L'Offrande du Coeur. Tapisserie d'Arras. 1400-1410. © DR

L’enfant est en classe de quatrième. Cette année-là, il décide qu’il aura trois poètes préférés : Villon, Ronsard, Verlaine. Chaque soir, dans la grande salle d’études des internes, après avoir rapidement rempli ses obligations de travaux scolaires parfaitement inintéressants, en silence, même si ça chante dans sa tête, il compose, il écrit, il crie. Sa révolte et son amour. Son nom de plume, il se l’est inventé avec trois syllabes de ses trois poètes préférés : VIRONLAINE. 

Trouvère, c’est le métier que l’enfant aimerait faire. Il le dit à son professeur principal, à la réunion d‘orientation. « Moi, plus tard, j’aimerais être Trouvère ». Problème, dans le dossier de documentation, cette profession-là n’est pas mentionnée. L’enfant demande comment faire. Le professeur principal ne peut retenir un superbe éclat de rire. Puis, reprenant son sérieux, il s'exclame : « Cherchez pas, Trouvère, vous ne trouverez pas ! ça n’existe pas, ça n’existe plus. On n’en a pas besoin dans la société d’aujourd’hui ! »

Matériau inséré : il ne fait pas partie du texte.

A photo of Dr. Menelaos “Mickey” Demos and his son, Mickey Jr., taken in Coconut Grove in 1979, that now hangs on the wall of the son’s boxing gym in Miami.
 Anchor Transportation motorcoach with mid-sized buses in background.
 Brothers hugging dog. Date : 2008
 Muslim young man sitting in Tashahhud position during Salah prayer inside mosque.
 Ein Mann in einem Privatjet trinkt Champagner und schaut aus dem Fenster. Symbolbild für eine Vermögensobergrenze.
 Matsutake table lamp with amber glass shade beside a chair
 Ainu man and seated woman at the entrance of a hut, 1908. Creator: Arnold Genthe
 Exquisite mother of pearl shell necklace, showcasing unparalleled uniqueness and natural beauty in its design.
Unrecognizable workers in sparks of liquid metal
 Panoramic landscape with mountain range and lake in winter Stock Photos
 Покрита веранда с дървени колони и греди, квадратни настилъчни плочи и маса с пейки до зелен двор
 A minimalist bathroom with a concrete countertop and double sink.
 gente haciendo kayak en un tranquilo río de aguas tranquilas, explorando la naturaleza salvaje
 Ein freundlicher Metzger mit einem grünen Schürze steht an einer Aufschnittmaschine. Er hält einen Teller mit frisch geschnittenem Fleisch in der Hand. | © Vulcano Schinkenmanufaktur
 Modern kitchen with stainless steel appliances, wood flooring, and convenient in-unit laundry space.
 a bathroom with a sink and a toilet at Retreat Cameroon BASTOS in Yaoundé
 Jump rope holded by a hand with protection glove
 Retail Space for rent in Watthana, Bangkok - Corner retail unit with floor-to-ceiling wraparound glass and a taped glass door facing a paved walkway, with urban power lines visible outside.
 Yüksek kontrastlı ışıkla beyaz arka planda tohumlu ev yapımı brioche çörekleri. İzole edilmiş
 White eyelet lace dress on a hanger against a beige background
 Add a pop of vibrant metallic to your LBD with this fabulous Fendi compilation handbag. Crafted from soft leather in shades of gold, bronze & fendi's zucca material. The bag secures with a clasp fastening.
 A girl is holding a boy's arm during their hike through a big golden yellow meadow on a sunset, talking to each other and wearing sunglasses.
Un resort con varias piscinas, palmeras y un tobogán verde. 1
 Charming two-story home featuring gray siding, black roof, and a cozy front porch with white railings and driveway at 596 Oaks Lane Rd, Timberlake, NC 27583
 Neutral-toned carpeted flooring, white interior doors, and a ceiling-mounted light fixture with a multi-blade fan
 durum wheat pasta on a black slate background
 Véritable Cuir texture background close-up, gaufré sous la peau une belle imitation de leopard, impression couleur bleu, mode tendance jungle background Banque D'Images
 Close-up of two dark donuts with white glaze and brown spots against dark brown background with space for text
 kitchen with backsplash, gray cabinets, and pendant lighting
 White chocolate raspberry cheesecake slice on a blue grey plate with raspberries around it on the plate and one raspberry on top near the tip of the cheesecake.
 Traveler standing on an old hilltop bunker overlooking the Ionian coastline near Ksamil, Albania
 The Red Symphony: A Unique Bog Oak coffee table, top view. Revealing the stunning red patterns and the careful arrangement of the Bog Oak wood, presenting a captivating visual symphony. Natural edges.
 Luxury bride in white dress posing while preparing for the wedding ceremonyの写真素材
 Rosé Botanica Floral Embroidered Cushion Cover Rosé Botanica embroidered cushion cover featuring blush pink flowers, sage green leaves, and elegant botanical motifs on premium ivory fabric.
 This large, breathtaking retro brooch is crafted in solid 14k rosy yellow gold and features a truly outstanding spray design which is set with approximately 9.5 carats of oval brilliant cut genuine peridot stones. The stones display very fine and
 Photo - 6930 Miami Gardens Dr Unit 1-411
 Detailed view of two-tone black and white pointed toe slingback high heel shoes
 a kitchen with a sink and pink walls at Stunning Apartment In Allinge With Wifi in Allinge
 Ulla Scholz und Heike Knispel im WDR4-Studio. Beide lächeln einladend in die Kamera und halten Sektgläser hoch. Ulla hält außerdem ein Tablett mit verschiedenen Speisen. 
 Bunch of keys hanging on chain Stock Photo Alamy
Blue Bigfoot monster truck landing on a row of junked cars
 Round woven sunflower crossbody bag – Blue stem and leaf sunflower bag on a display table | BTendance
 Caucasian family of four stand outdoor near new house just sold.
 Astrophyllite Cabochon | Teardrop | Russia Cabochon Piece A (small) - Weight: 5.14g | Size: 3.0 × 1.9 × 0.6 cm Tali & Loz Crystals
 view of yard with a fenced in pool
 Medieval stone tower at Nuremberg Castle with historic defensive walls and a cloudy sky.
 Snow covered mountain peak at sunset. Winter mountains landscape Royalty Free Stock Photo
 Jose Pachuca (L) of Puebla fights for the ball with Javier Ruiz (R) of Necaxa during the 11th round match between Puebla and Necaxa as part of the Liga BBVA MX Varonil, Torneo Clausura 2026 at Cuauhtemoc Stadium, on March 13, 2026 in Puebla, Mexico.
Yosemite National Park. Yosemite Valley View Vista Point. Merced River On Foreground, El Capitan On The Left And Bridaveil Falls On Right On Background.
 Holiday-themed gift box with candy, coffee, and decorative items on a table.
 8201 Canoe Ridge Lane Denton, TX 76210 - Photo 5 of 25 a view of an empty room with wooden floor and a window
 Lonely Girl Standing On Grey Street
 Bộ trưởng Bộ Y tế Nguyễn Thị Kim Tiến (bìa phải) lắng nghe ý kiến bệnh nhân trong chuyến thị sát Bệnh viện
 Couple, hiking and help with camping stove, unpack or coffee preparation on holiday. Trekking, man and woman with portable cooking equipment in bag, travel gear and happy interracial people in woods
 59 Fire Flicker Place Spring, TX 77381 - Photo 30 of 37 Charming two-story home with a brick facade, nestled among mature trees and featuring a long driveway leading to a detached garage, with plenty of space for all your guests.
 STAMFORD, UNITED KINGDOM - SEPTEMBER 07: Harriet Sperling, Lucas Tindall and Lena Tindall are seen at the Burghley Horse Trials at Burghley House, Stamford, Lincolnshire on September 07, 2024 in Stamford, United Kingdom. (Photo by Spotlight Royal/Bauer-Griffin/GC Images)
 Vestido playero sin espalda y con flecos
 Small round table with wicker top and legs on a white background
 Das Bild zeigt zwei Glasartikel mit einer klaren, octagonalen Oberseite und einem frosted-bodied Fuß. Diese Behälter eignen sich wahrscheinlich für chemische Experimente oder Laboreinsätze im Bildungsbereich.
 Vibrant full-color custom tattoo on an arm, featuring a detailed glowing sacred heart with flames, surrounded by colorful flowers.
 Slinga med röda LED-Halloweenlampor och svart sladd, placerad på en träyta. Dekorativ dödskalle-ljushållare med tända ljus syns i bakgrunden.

L’enfant est déçu. Il se dit que ce n’est pas bien de décevoir un élève qui veut être Trouvère. 

Il maintient son choix. En silence, dans sa tête. Pour lui seul. Il redouble. D’efforts. Dans l’étude solitaire de la maîtrise de l’art des rythmes et des rimes. 

Le titre de son premier poème, ce sera « Ma Dame », tout simplement. Mais en deux mots. A la manière d’un Chevalier parti pour la Croisade.

 

                  Ma Dame

 

       Souvent la nuit je m’éveille

       Cherchant en vain le sommeil

       Je pense. Je pense à vous Ma Dame

       Je vous devine près de la flamme

       Dans votre château vous chauffant

       Tandis qu’au dehors souffle le vent. 

 

Il y a deux autres strophes, une où l’enfant fait rimer songe avec mensonge, et la dernière, la plus belle, celle où il dit « En vain, mon coeur vous appelle », mais l’enfant ne les retrouve plus. Deux strophes perdues. D’un trouvère inconnu.